EN 101. 16
September 25, 2013
A Typical Tuesday
I decided to do my iExamen on Tuesday, September 24th. I am admittedly lazy on Tuesday's and Thursday's when I don't have class until 12:15, so I rolled out of bed around 11 and said goodbye to the only remaining roommate in my room as she left for class. Before engaging in this human interaction I checked twitter, instagram, and my texts. I do this every morning, which I realize is pretty irrational on days when I have an 8 a.m class considering no one has thoughts to share or interesting pictures to post that early in the morning. Before heading to class I rushed to eat lunch at Iggie's where I noticed almost everyone in the sandwich line standing with their arms crossed or their heads down on their cellphones. All of my friends have the opposite schedule from me on Tuesdays so I headed to class alone. The walk across campus alone always puts me on edge for some reason, and I noticed my self walking swifter than I do when with friends. Despite my feelings of semi-awkwardness, I made a point to put my phone away for this walk, as I had noticed recently how stand offish people who are always on their phones seem. The dependence on technology that I see in myself and in my peers soon became a theme of my iExamen.

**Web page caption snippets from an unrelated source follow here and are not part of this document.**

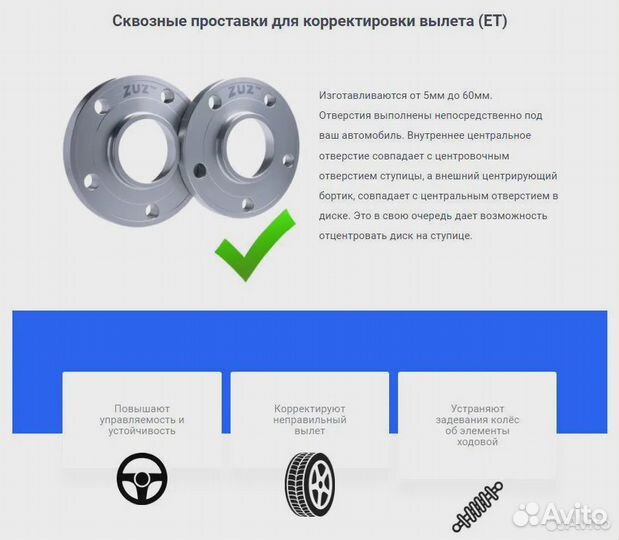 Проставки 1шт для колесных дисков ZUZ 5x114.3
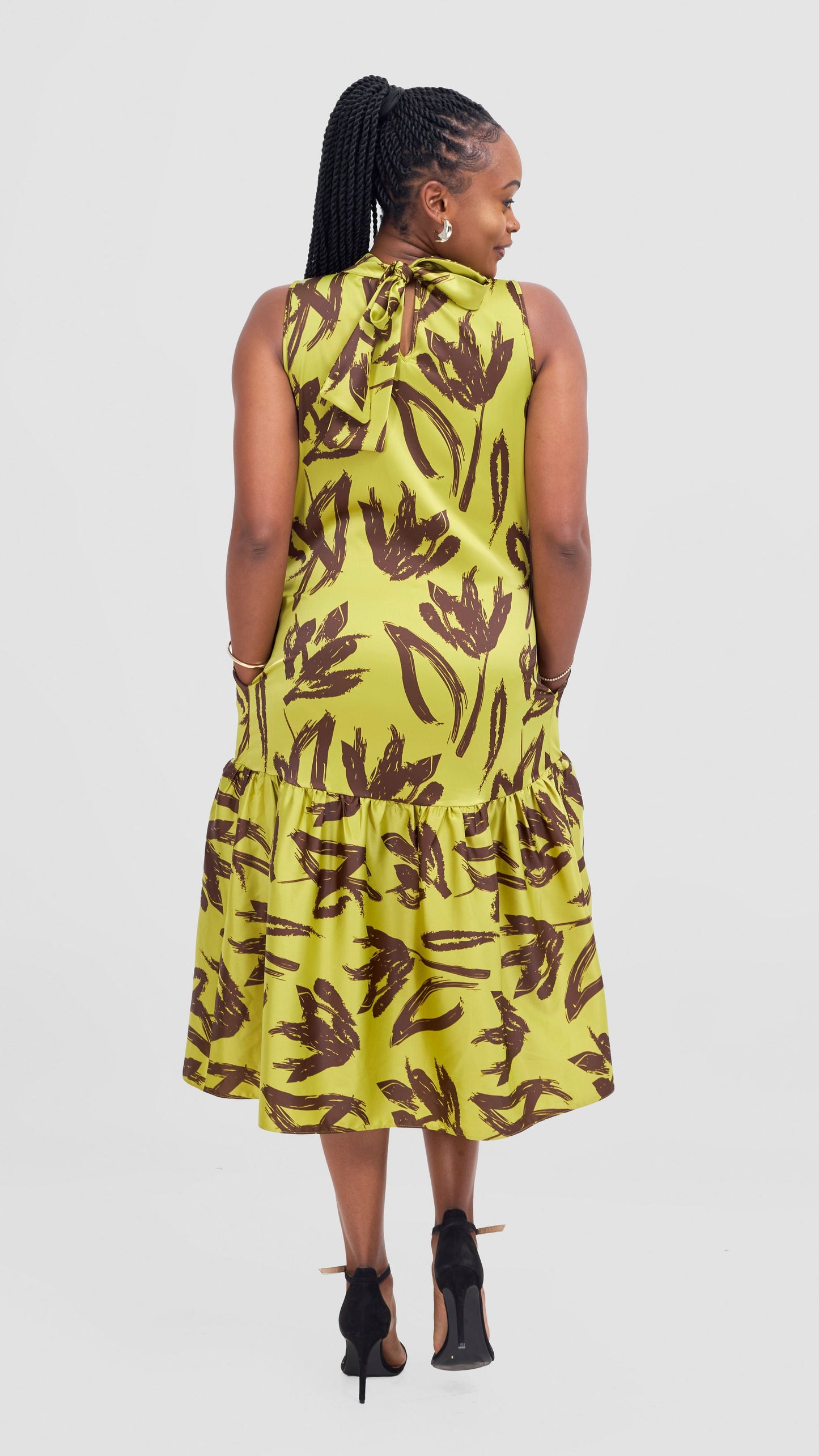 Vivo Takali Frilled Midi Dress - Rust / Black Ela Print
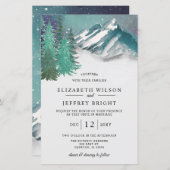 バジェットマウンテンズパインウィンターウェディング招待状 (正面/裏面)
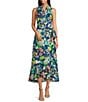 Color:Navy - Image 1 - Miramar Floral Print Linen Blend Spread Wing Collar Sleeveless Wrap Front A-Line Dress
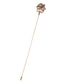 Long Hat Pin Black Retro Hollow Out Design Stick Pin Vintage Style Galvanized Alloy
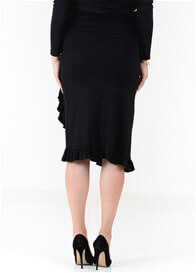 Floressa Monique Ruffle Hem Maternity Skirt in Black | Queen Bee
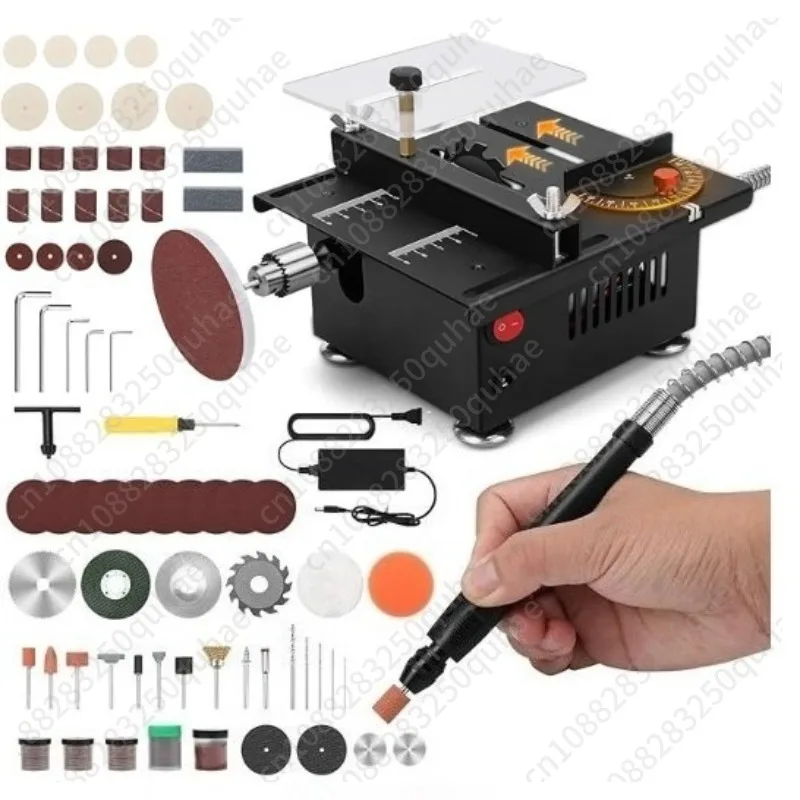 

Lifting, miniature desktop table saw DIY woodworking acrylic pvc chainsaw precision model saw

My mind was mostly elsewhere in my classes on Tuesday. Monday brought news of various exams, projects, and commitments for the first week of October and I had a hard time getting those off my mind. The stress of school work in general this year has been an issue and I could especially feel it on Tuesday and noticed my mood was a bit lack luster and led to limited participation and interaction with classmates. Once I left English class I decided to shut off my cell phone for the time before and during my next class. As I look back now, this almost seems like a subconscious move on my part because I picked a time where I rarely used my phone anyway. I was early to class and sat in the waiting area of sellinger, where I was the only person not on a phone or a computer. I definitely felt a little out of place having nothing to look at, so I people watched which ended up being very entertaining. It was interesting to see how a group of guys interact versus how a group of all girls interact. Once my next class began I attempted to make more of an effort to participate after noticing that my thoughts about all I had to do were holding me back. The iExamen allowed me to reflect almost immediately on my behavior and attitude because I was observing myself so carefully.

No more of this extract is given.